As security skills gaps grow, agencies are struggling to hit mission-critical objectives. Aaron Rosenmund, Senior Director of Content Strategy and Curriculum at Pluralsight and National Red Team Lead for CyberShield, explains what the Department of Defense (DoD) and federal agencies need to create a security talent pipeline and succeed in today's cybersecurity environment.

Table of contents

The biggest government security threat to federal agencies

There’s no shortage of new cyber attacks or emerging technologies, but the biggest security threat for the DoD and federal agencies may not be what you expect.

“Avoiding talking about actual threats like other nations, of course, I think the biggest issue is the skills pipeline,” says Aaron. “And not just the skills pipeline, but getting the talented people that we do actually have access to in the DoD and federal government to have access to impactful parts of the mission as quickly as possible.”

Depending on your mission, it can take up to three years to train someone to be effective in a government security job. That means people aren’t even mission capable for the first three years.

During that time, they need to complete on-the-job training, too. The process takes too long, especially when agencies need to become more nimble.

How to build a cybersecurity talent pipeline

To become mission critical faster, federal agencies need to address the cybersecurity talent shortage and improve security readiness. Aaron explains how agencies can get there.

Require relevant hands-on experience for cybersecurity skills

First and foremost, agencies need security training that’s applicable to their mission and addresses current security threats and vulnerabilities. 

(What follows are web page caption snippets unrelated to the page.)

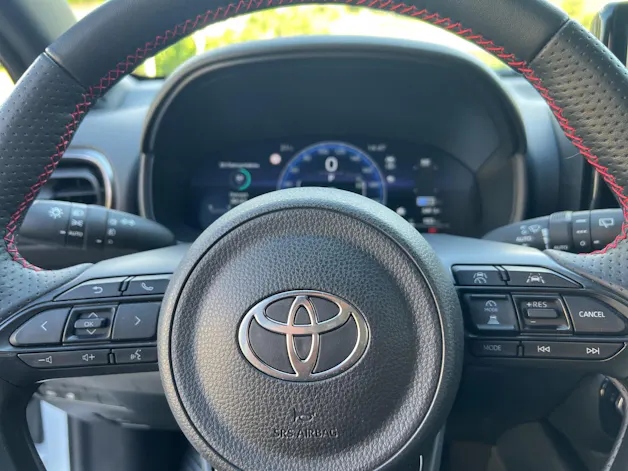 Toyota Yaris 1.5 VVT-i HSD GR Sport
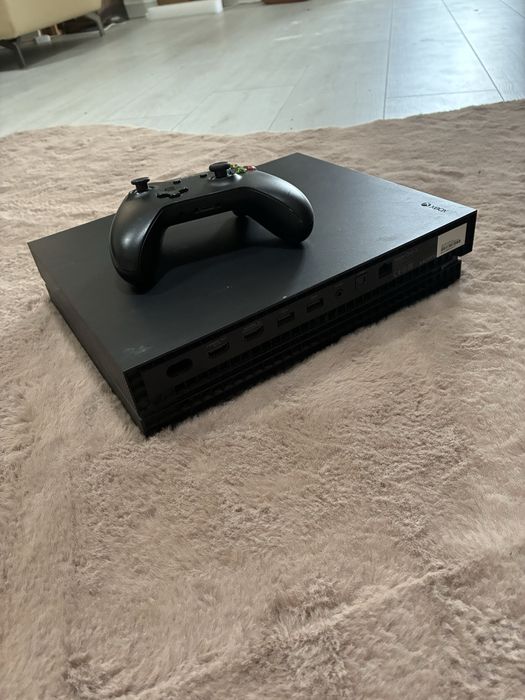 Xbox One X, 1T, 4K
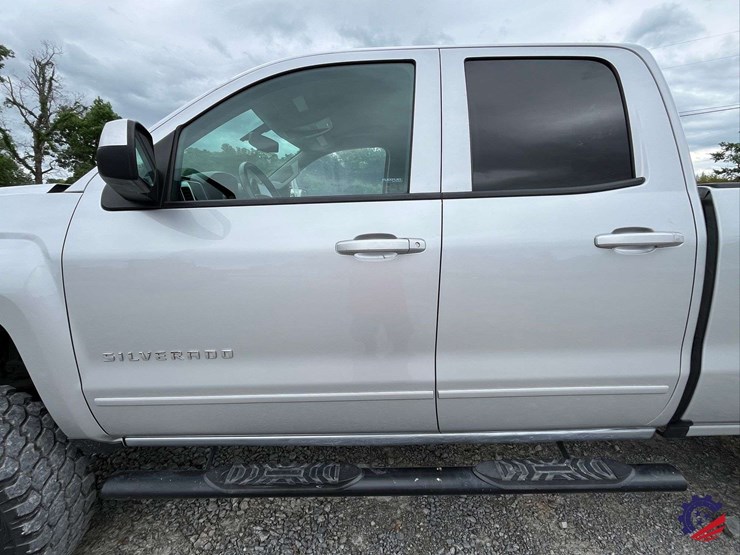 2017-chevrolet-silverado-lt-pickup-truck-image-19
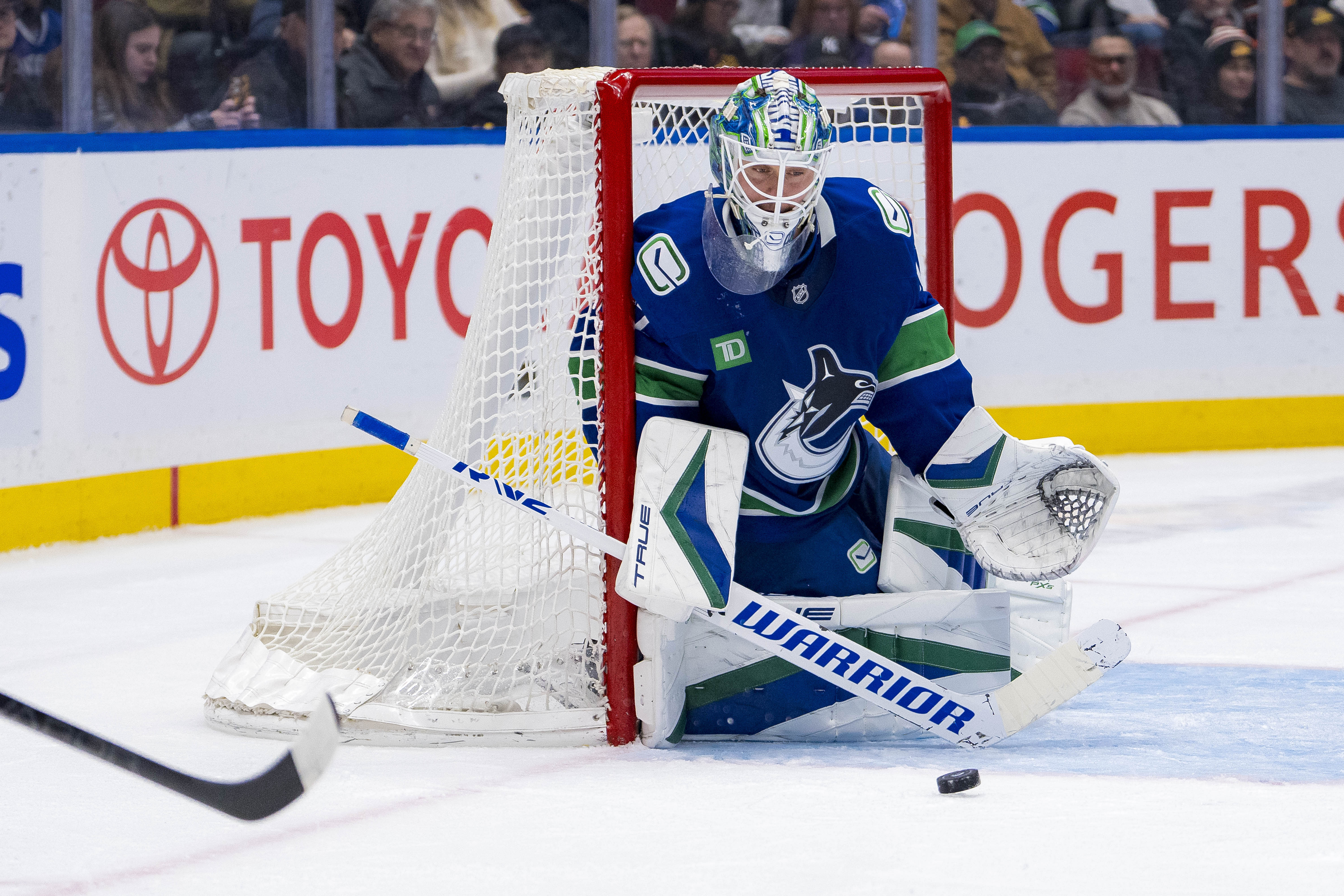 NHL: Nashville Predators at Vancouver Canucks - Source: Imagn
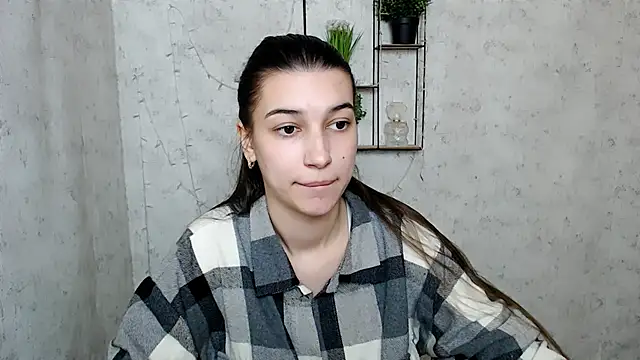 Snapshot of KarolinaRosse_ chatting on 03-15-25, 10:35 KarolinaRosse online show from 03-15-25, 10:35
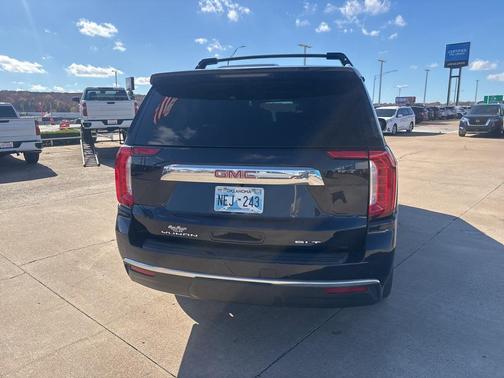 2023 GMC Yukon XL SLT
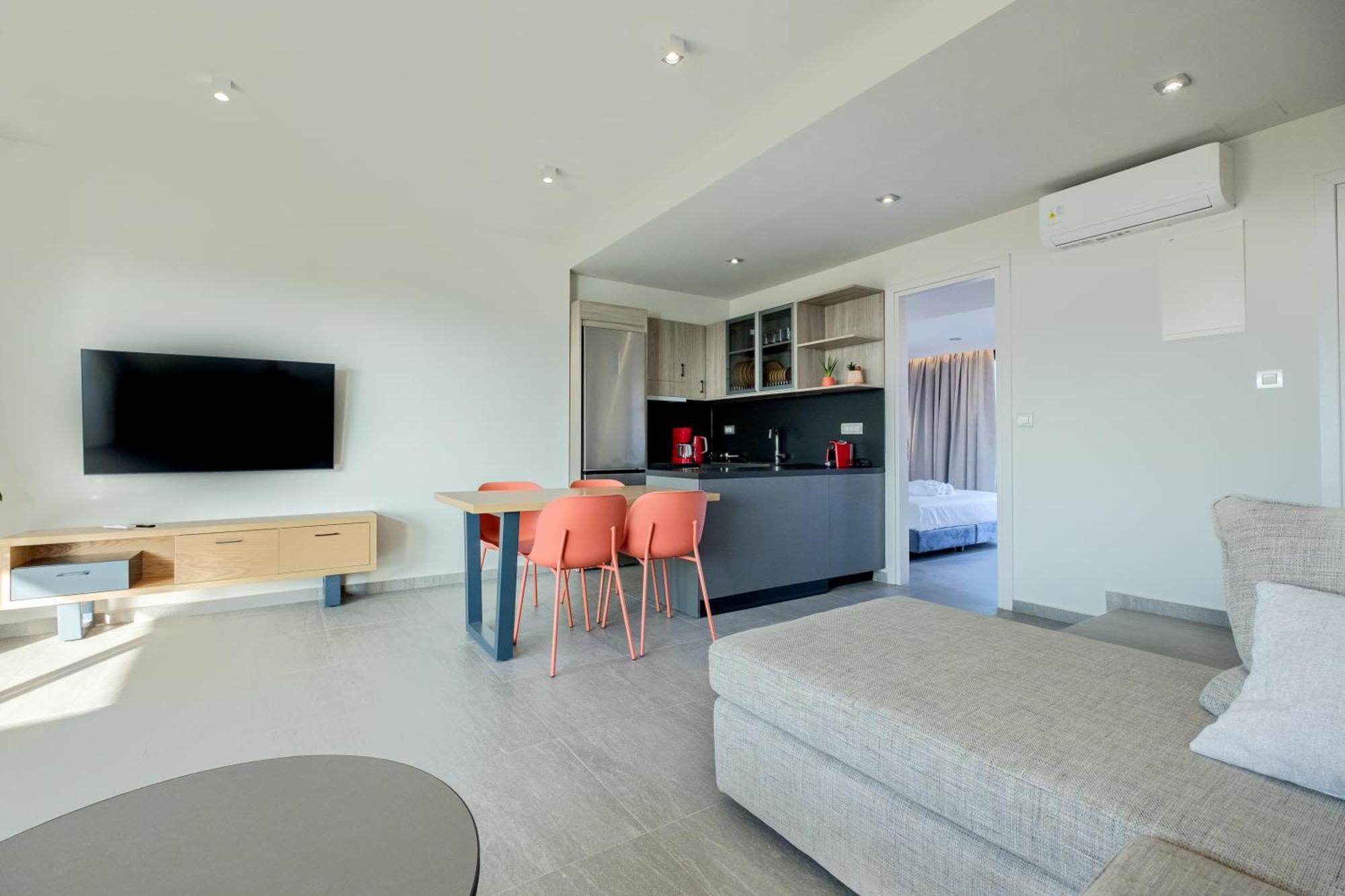 Sky-High 70Sqm Penthouse W. Stunning Views - 05 Apartment Chania  Bagian luar foto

Security professionals also need hands-on learning tailored to their role. “There's been some really good progress, especially with some of the new work roles and work role IDs [in] the DCWF,” explains Aaron. “Part of that is you have to get hands-on, and you have to have someone check off that you've done that hands-on capability before you're qualified in your work role.

“Now, that makes sense, but right now it isn't really fully aligned to the job that you necessarily came in to do with the Army, Air Force, Marines, or Coast Guard. They're two separate things. So I'm a qualified capability developer but my job is cyber warfare officer, and they're two separate trainings. 

“So one of the big things we need to do is enable the DoD to have that hands-on space to be able to very quickly prove and check off sections of knowledge that they already have, and get practice with sections that they don't, so you can really quickly get mission capable or qualified in your work role to be able to then go beyond mission.”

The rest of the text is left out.